Benzer bir gelişme ile Hizbullah, 2017 yılının temmuz ayında yaptığı açıklamada ülke içerisinde bulunan DAEŞ unsurlarının temizlenmesi için bir planı yürürlüğe koyduğunu açıkladı. Hizbullah’ın bu açıklaması Lübnan ordusunu zor bir ikilemle karşı karşıya bırakırken, resmi ordunun operasyonel kabiliyetini zayıflatıp yaptığı planların çökmesine sebep oldu. Lübnan ordusunun DAEŞ’le mücadele için üç senedir üzerinde çalıştığı bir planı olsa da özellikle Suriye sınırındaki çatışmalarda Hizbullah’ın önüne geçemedi. Lübnan kamuoyu ülke ordusunu, meydanı çoğu alanda Hizbullah’a bırakmakla suçlandı ve suçlanmaya da devam ediyor. Lübnan ordusunun ülke savunmasının yanında kendi iç çatışmaları ile de uğraştığı biliniyor. Bu da Irak ordusunun özellikle DAEŞ karşısındaki zayıf durumunun Haşd-i Şabi’yi beslemesi gibi Lübnan ordusunun zayıf noktalarının Hizbullah’a alan kazandırdığını gösteriyor.[2]

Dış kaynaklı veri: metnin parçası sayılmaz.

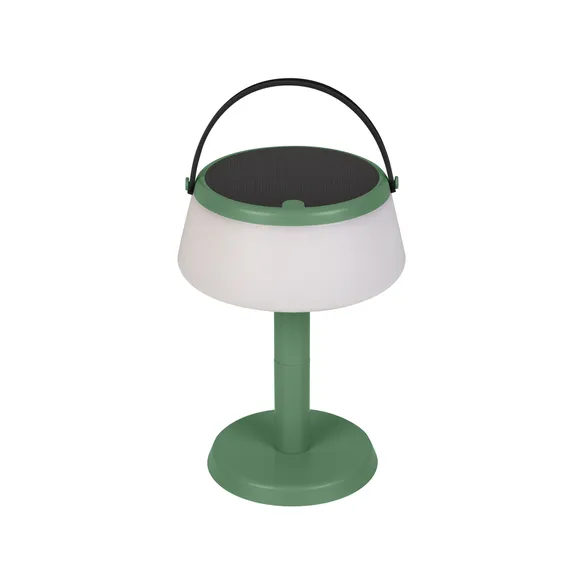 Светильник настольный SP-TRAFO-1.5W Warm2700 (Зеленый, 120 deg) (Arlight, IP54 Пластик, 2 года)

Bu yönde paralel bir diğer önemli gelişme ise, Lübnan siyasetinde Irak gölgesinin daha fazla hissedilir oluşudur. Nitekim, Lübnan başbakanı Saad el Hariri, geçtiğimiz günlerde Irak Başbakanı Haydar Abadi ve Şii dini lider Ayetullah Ali Sistani’ye bir mektup yazarak Haşd-i Şabi liderlerinin Lübnan ziyaretlerine bir son verilmesini talep etmişti. Hariri’nin bu mektubunun Haşd-i Şabi’nin iki büyük Şii örgütü Asaib’i Ehli’l Hakk lideri Kays el Hazali ve Hareketü’n Nüceba lideri Ekrem el Kaabi’nin Lübnan’a resmi ziyaret planlamalarının ardından geldi. Lübnan, Haşd-i Şabi’nin Hizbullah ile birlikte hareket ederek etki alanını Irak ötesine yaymasından endişe ediyor. Kays el Hazali beraberindeki bir grup militanla birlikte Aralık 2017’de Lübnan-İsrail sınırına bir ziyaret gerçekleştirmiş, Hazali’nin bu ziyareti Lübnan Başbakanı’nın yoğun tepkisine sebep olmuştu.[3] Nitekim, gözlemciler, İran’ın bu iki grup üzerindeki nüfuzu göz önüne alındığında, yayılmacı bölge siyaseti çerçevesinde Hizbullah ile Haşd-i Şabi’yi bir safa toplanmaya çalıştığı izleniminden bahsediyorlar.

 


[1] Sardar Aziz, “The Dangers of the Institutionalization of Iraq’s Popular Mobilization Units, The Washington Institute for Near East Policy, 25 Nisan 2017.
[2] Aram Nerguzian, “The Lebanese Armed Forces, Hezbollah and Military Legitimacy”, 4 Ekim 2017.